Caldeira and his colleagues ran computer simulations of ocean chemistry based on a range of atmospheric carbon dioxide levels, from 280 parts per million (ppm) (pre-industrial levels) to 5,000 parts per million. (Present levels are 380 ppm and rising.)
Their findings, detailed in the Dec. 14 issue of the journal Science, show that if current emission trends continue, 98 percent of present-day reef habitats will be too acidic by mid-century for reef growth.
“Before the industrial revolution, over 98 percent of warm water coral reefs were bathed with open ocean waters 3.5 times supersaturated with aragonite, meaning that corals could easily extract it to build reefs,” said study co-author Long Cao, also of the Carnegie Institution. “But if atmospheric CO2 stabilizes at 550 ppm—and even that would take concerted international efforts to achieve—no existing coral reef will remain in such an environment.”
At greatest risk of these changes are Australia’s iconic Great Barrier Reef, the world's largest living structure, and the reefs of the Caribbean Sea.
To slow ocean acidification, Caldeira and Cao warn, will likely take more stringent and immediate reductions in carbon dioxide than would be needed to reduce the other effects of global warming.
“The science speaks for itself. We have created conditions on Earth unlike anything most species alive today have experienced in their evolutionary history,” said co-author Bob Steneck of the University of Maine. “Corals are feeling the effects of our actions, and it is now or never if we want to safeguard these marine creatures and the livelihoods that depend on them.”
Coral reefs threatened by rising CO2 levels: study
Yahoo News 13 Dec 07;
The survival of the world's coral reefs will be seriously threatened by 2050 if atmospheric levels of carbon dioxide (CO2) and the acidity of ocean waters continue to rise at the present rate, said a study published Thursday.
High acidity dissolves minerals in the water that speed up calcification of corals leading to their premature death, warned researchers of the Washington-based Carnegie Institution in their study in Science magazine.
Unless emissions of CO2 -- global warming's main contributor -- are stabilized and reduced, 98 percent of coral reef habitats will be immersed in excessively acid waters, said oceanographers and study co-authors Ken Caldeira and Long Cao.

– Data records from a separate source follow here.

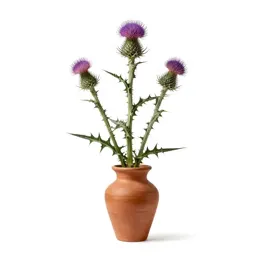 Musk thistle
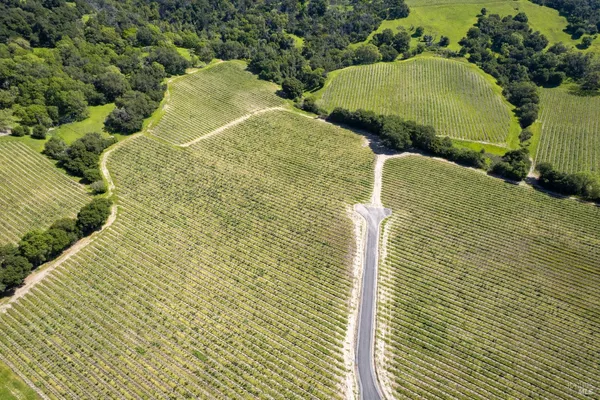 $1,498,800 | 1276 Jensen Lane, Unit LOT 2, Windsor, CA 95492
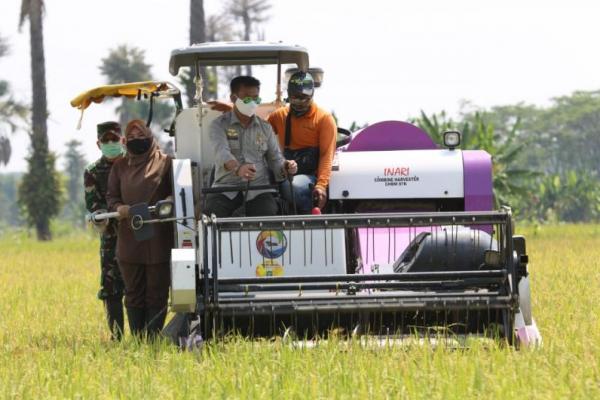 Syahrul Yasin Limpo Panen Padi Inbrida di Kabupaten Pandeglang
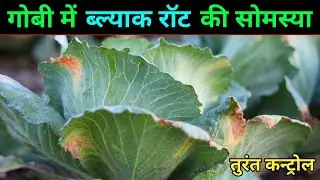 Black Rot of Cabbage || ब्लैक रोट रोग और उसका कंट्रोल || Cabbage black rot control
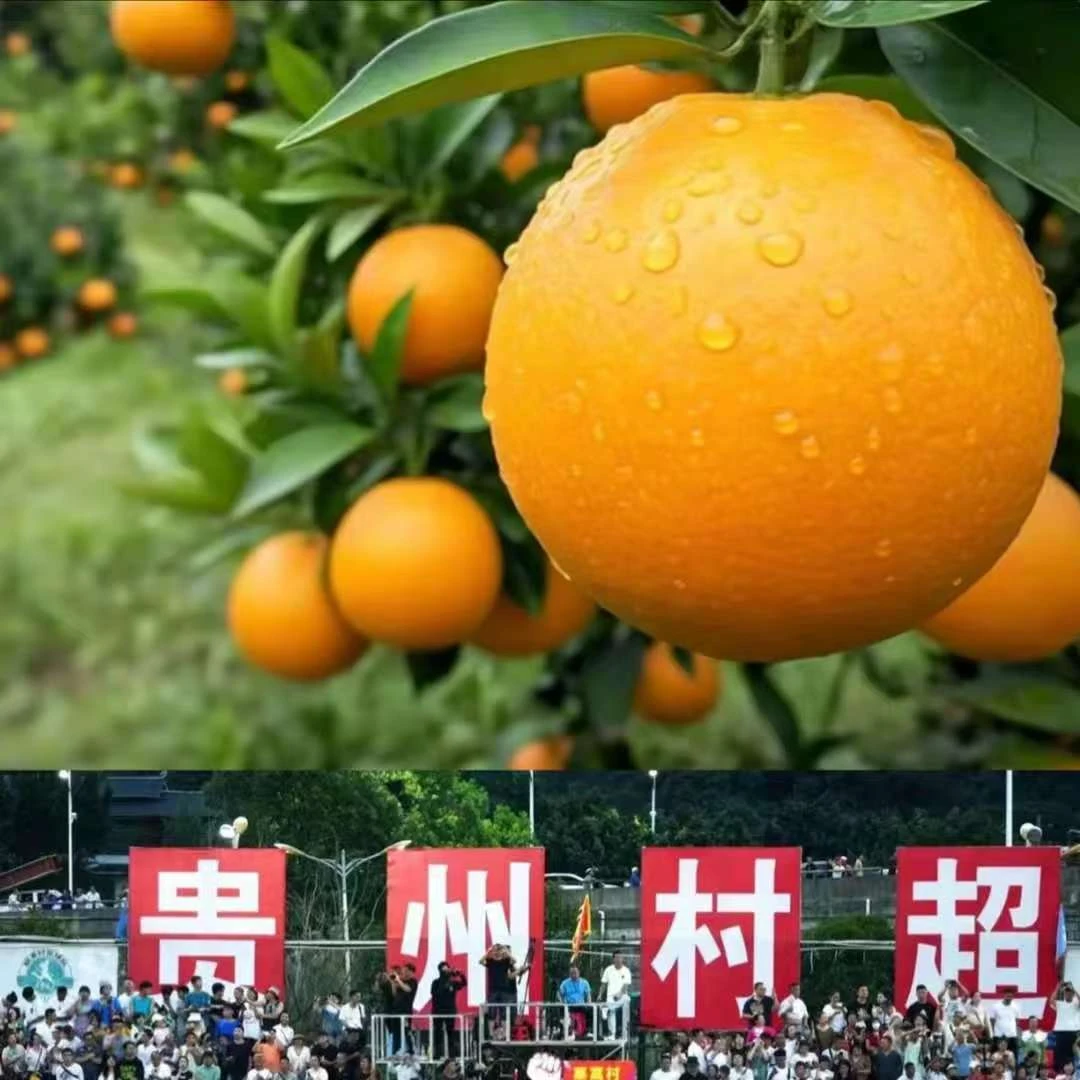 贵州黔东南榕江高山脐橙现摘现发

Their estimates are based on computer models of the ocean water's changing chemical composition with rising CO2 levels in the atmosphere -- from pre-industrial 280 parts per million (ppm) to the current 380 ppm, all the way up to 500 ppm.
Carbon dioxide emissions are on the rise chiefly due to human activities, above all from the massive burning of fossil fuels, scientists said.
"About a third of the carbon dioxide put into the atmosphere is absorbed by the oceans, which helps slow greenhouse warming, but is a major pollutant of the oceans," said Caldeira.
The absorbed CO2 produces carbonic acid that dissolve certain minerals, especially argonite, which is used by corals to grow their skeletons, he said.
If atmospheric CO2 stabilizes at 550 ppm, said Cao, "no existing coral reef will remain in such an environment."
According to Bob Steneck of the University of Maine and another co-author of the paper, around one billion people in Asia depend on coral reef fisheries.
"Corals are feeling the effects of our actions and it is now or never if we want to safeguard these marine creatures and the livelihoods that depend on them," he added.
The authors will also present their study Thursday before the American Geophysical Union, in San Francisco, California.